萝卜黄病毒（TuYV；以前称为甜菜西黄病毒）在世界范围内引起芸苔属物种的主要疾病，导致可耕地和蔬菜作物的严重产量损失。它也被证明会降低蔬菜的质量，尤其是卷心菜，因为它会导致尖端烧伤。欧洲的商业作物冬油菜（Brassica napus）和蔬菜作物（特别是Brassica oleracea）的发病率为100%。本文综述了甘蓝型油菜（AACC基因组）、菜心（AA基因组）和马齿苋（CC基因组）对TuYV的已知抗性来源。

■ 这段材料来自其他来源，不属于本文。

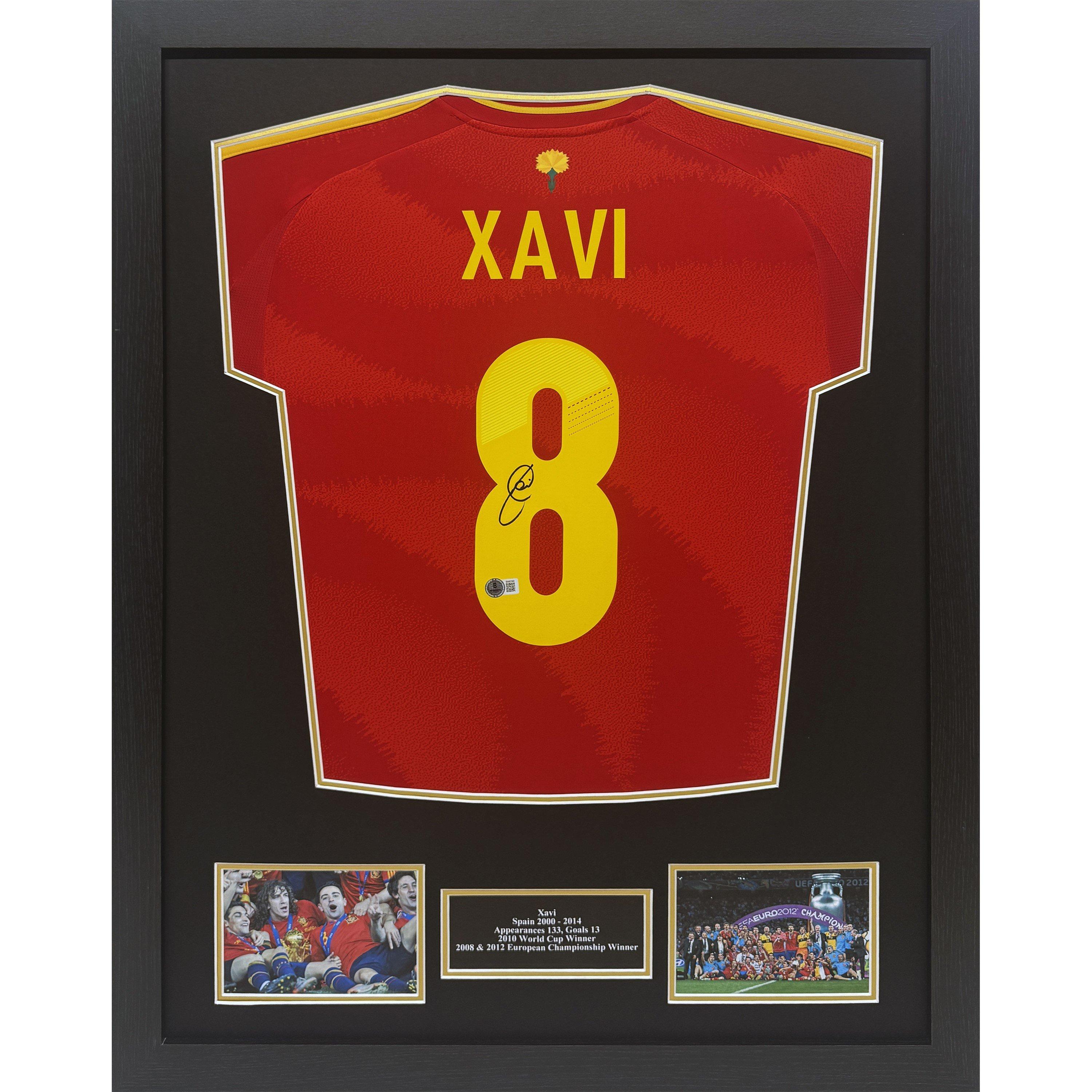 Red - AllStarSignings Ltd - Xavi Signed & Framed Spain football shirt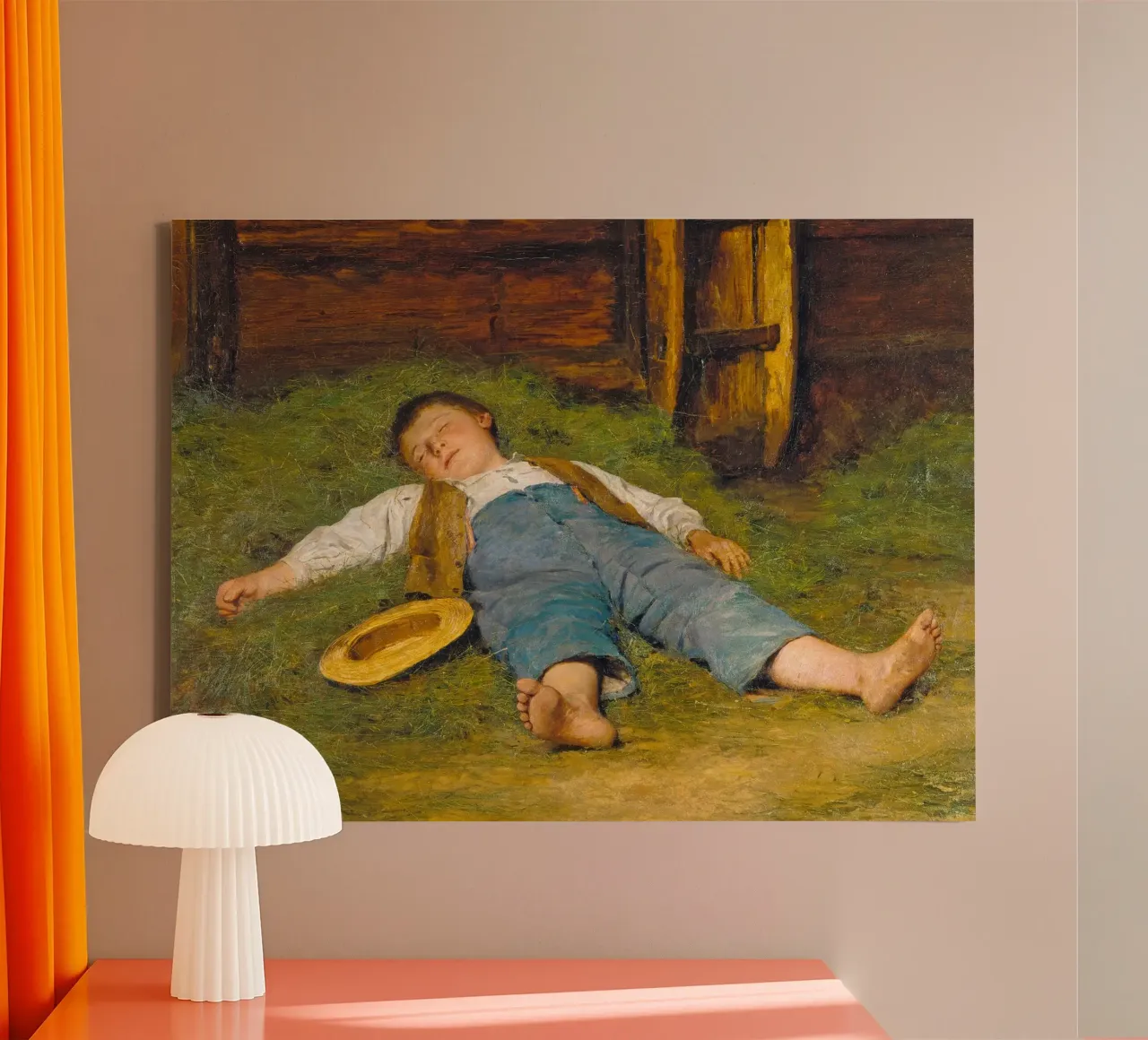 Albert Anker - Sleeping boy in the hay canvas with Floater frame by ARTOTHEK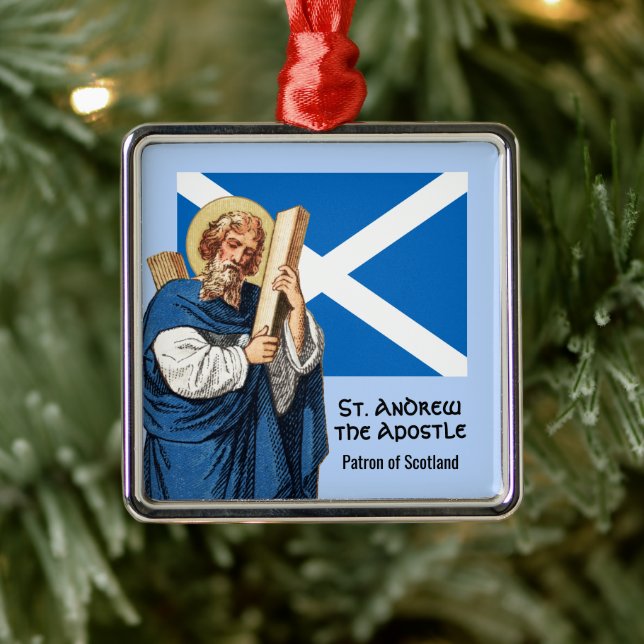 St. Andrew the Apostle and the Flag of Scotland Metal Ornament (Tree)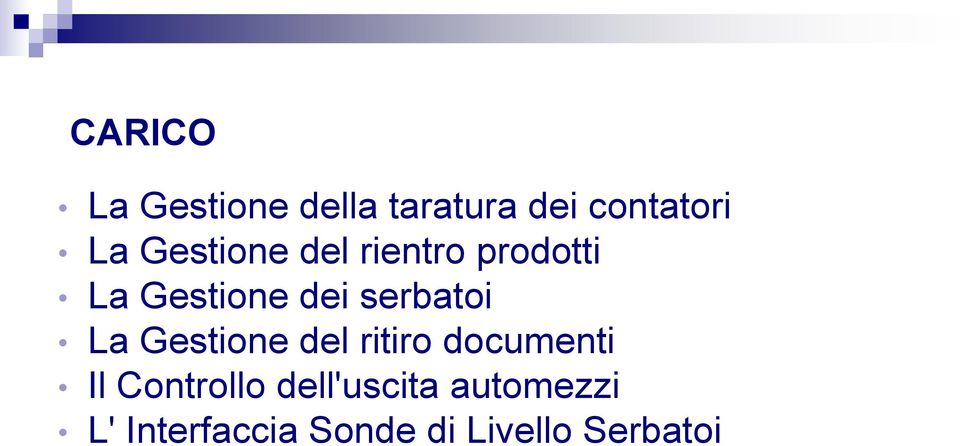 serbatoi La Gestione del ritiro documenti Il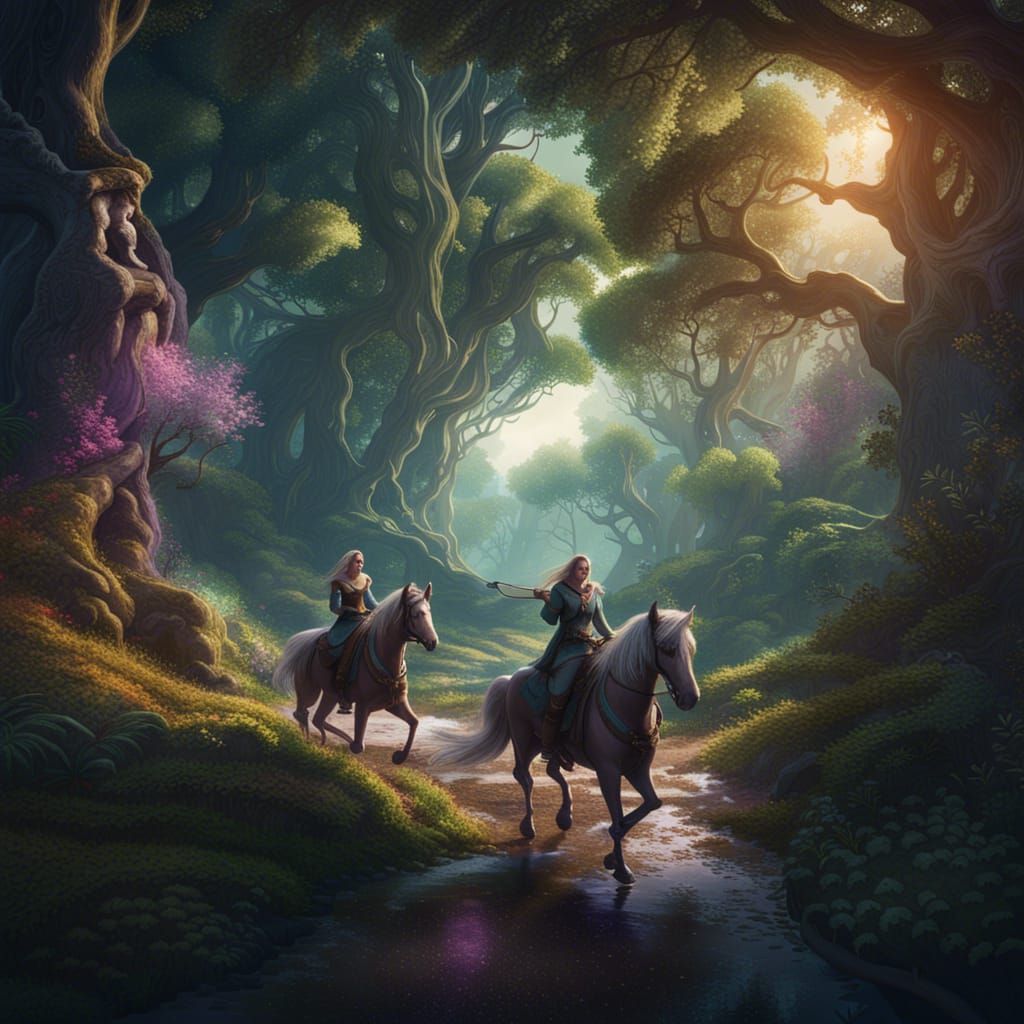 Elven Riders in Enchanted Forest: Fantasy Art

它还提出了负责抗性的数量性状基因座（QTL）的名称，即萝卜黄病毒抗性（TuYR），这些基因座已至少在不同芸苔属物种的染色体水平上定位。目前只有一种已知的商业阻力来源（TuYR1）。据说这种抗性起源于雷帕霉素，并通过与甘蓝型油菜杂交产生异四倍体（AACC）植物，渗入油菜的A基因组，然后回交到油菜中。它已被用于大多数已知的TuYV抗性油菜品种。这给TuYV中出现的抗性破坏突变带来了巨大的选择压力。在甘蓝型油菜、雷帕菜型油菜和甘蓝型油菜的基因组中已经定位了更多的抗TuYV的QTL（TuYR2-TuYR9），并在这里进行了描述。后两个物种的QTL已渗入异四倍体植物，首次提供了A和C基因组的组合抗性，用于油菜中的部署。利用已经开发的分子标记可以加速这些新抗性向商业油菜和蔬菜芸苔的渗入。这些抗性的部署应该减轻TuYV破抗性分离株的选择压力，从而延长彼此和现存抗性的有效性。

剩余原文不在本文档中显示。